2024年7月31日

自宅死と孤独死の統計について

誰にも看取られることなく息を引き取り、その後、相当期間放置されるような悲惨な「孤独死(孤立死)」の事例が頻繁に報道されています。「孤独死」の確立した定義はなく、また全国的な統計も存在しませんが、少子高齢社会の医療・福祉を考える際に、先ずその実態を把握することが必要です。

東京都監察医務院の統計

東京都監察医務院は、東京23区内で発生したすべての不自然死(死因不明の急性死や事故死など。いわゆる「不審死」。)の死因を究明するために、死体の検案及び解剖を行っており、またこの業務を通して死因等の統計を集計、公表しています。令和4年版統計表及び統計図表(東京都監察医務院)

この統計によれば、令和4(2022)年の検案数すなわち不審死は1万6,276件でした。平成24(2012)年の検案数は1万3,949件でしたから、10年で2,327件増加しました。また同院の別集計では、平成24年の「自宅での死亡者数(以下「自宅死」と言います。)」は7,734件でした(この集計は現段階で令和2(2020)年までしか公表されていません)。そして65歳以上の一人暮らしの案件は、平成24年の2,733件から令和4年には4,868件と約1.8倍に増加しています。これら全てが「孤独死」であったかは解りませんが、それを窺わせるものと言えます。

人口動態統計による「自宅死」

厚生労働省の「人口動態統計」によれば、令和4年の全国の死亡数は156万9,050人で、うち自宅死は27万3,265人、率にすると17.4%でした。平成24年の死亡数は125万6,359人で自宅死は16万1,242人、12.8%でしたから、この10年で死亡数は31万2,691人の増、自宅死は11万2,023人、4.6ポイントの増でした。同統計の東京23区をみると、令和4年の全死亡数は9万2,797人で、うち自宅死は2万3,844人、率にして25.7%でした。平成24年の死亡数は7万4,657人で自宅死は1万3,079人、17.5%でしたから、死亡数は1万8,140人の増、自宅死は1万765人、8.2ポイント増加しました。

自宅死の率の上昇については在宅医療・在宅介護の推進の結果であると前向きな評価がある一方、その6割前後(平成24年で7,734件÷1万3,079件)が検案件数(不審死)であることをどのように理解するか議論が必要です。

若者にも広がる孤独死

東京都監察医務院の統計について、自宅で「孤独死」した10~30代の若者が、平成30年~令和2年の3年間に東京23区で計742人確認され、うち約4割が死亡から発見までに4日以上を要していたとの報道もありました。孤独死のリスクは独居高齢者等に限らず若者にも広がっていることを示しています。

警察庁の全国統計

5月20日に警察庁が「警察取扱死体のうち自宅において死亡した一人暮らしの者~令和6年第1四半期(1~3月)分暫定値~」を公表しました。本年1~3月の警察取扱死体数6万466体のうち、一人暮らしの自宅死は2万1,716体(35.9%)、うち65歳以上は1万7,034体(暫定値)でした。全国データとして、今後の蓄積、分析が待たれます。

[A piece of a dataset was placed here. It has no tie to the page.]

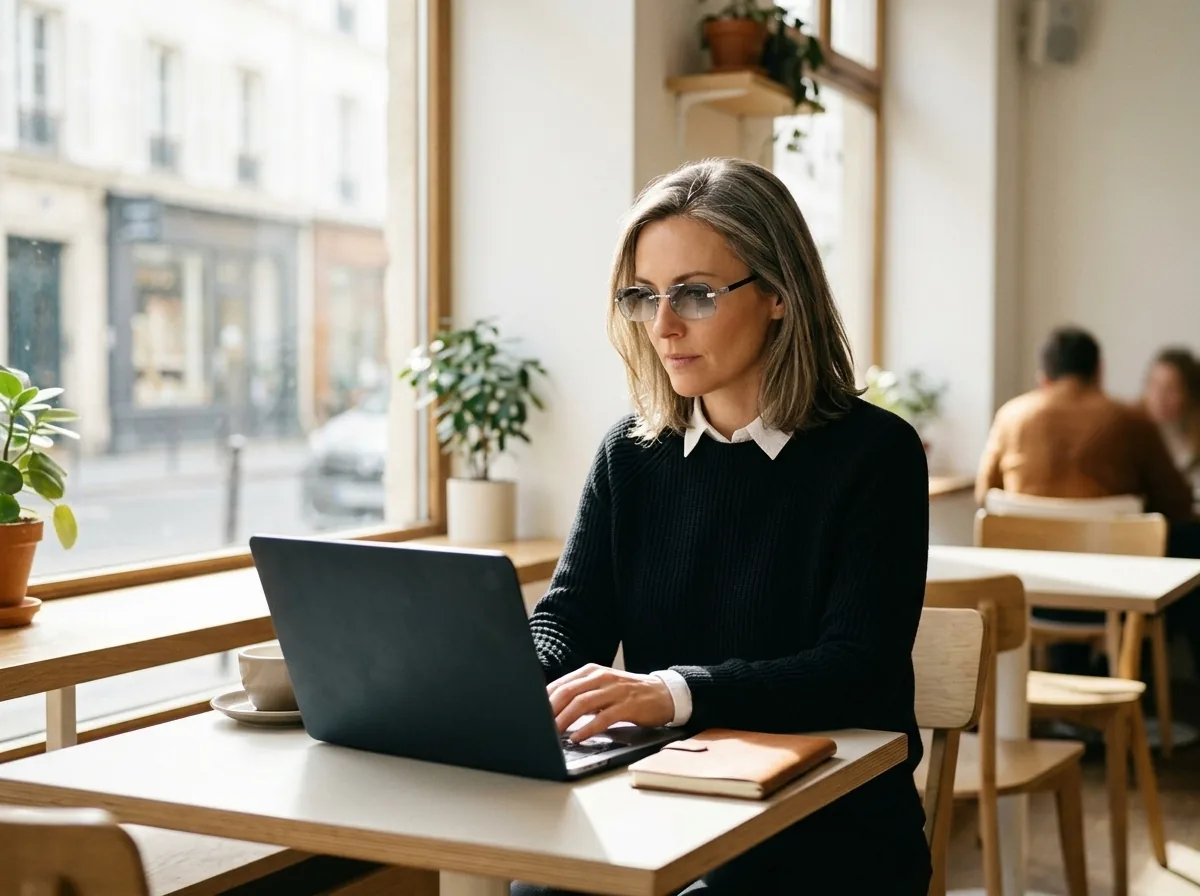 Person wearing glasses while working on a laptop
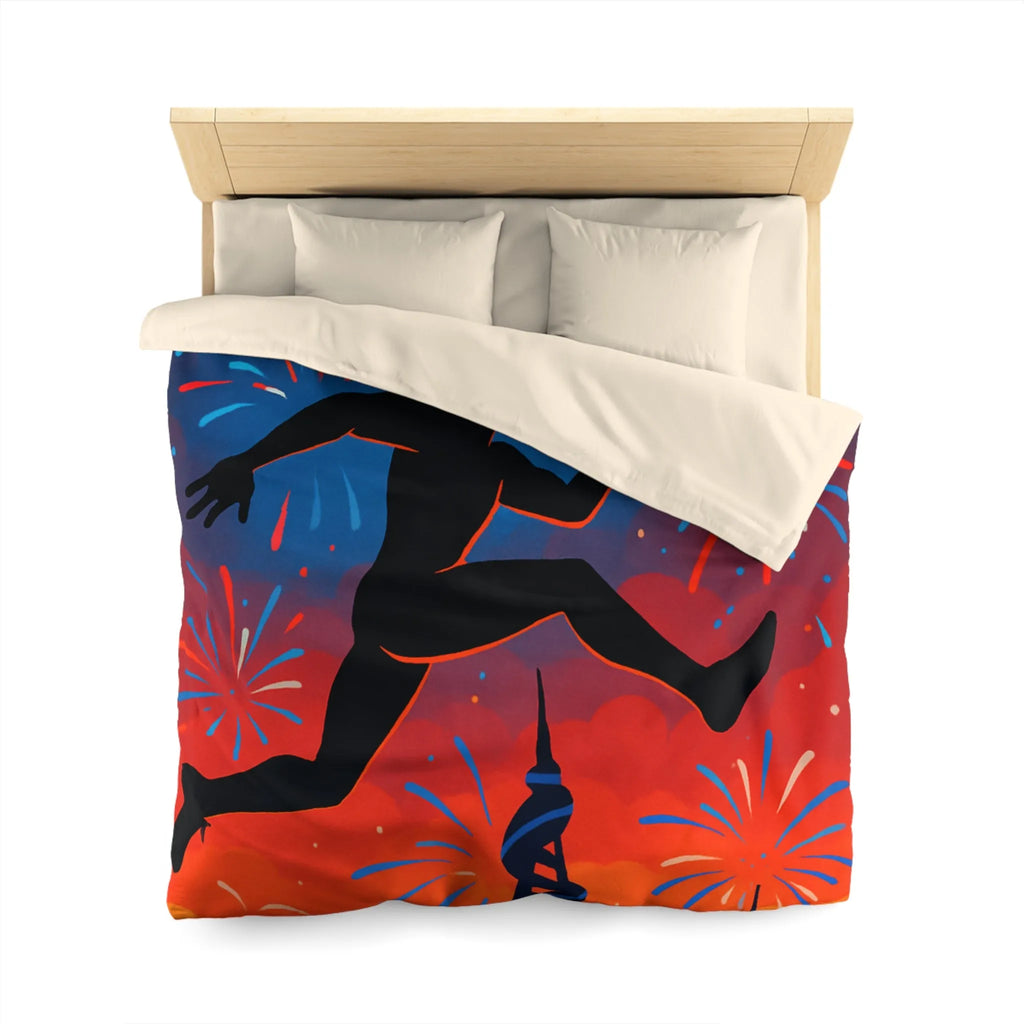 Housse de couette avec silhouette sportive et feux d'artifice, ambiance nocturne colorée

政府においては昨年「孤独・孤立対策推進法」を成立、本年4月に「孤独・孤立対策推進本部」を設置、6月には「孤独・孤立対策に関する施策の推進を図るための重点計画(孤独・孤立対策重点計画)」を策定しました。この計画はもちろん死亡事例対策のみならず社会に広く存在する「孤独・孤立」への対応を目的としています。福祉・医療に携わる方々には積極的に対応していただきたいと思います。

本ページの掲載内容は当法人が発行する「気まぐれ通信」2024年7月号の内容と同一です。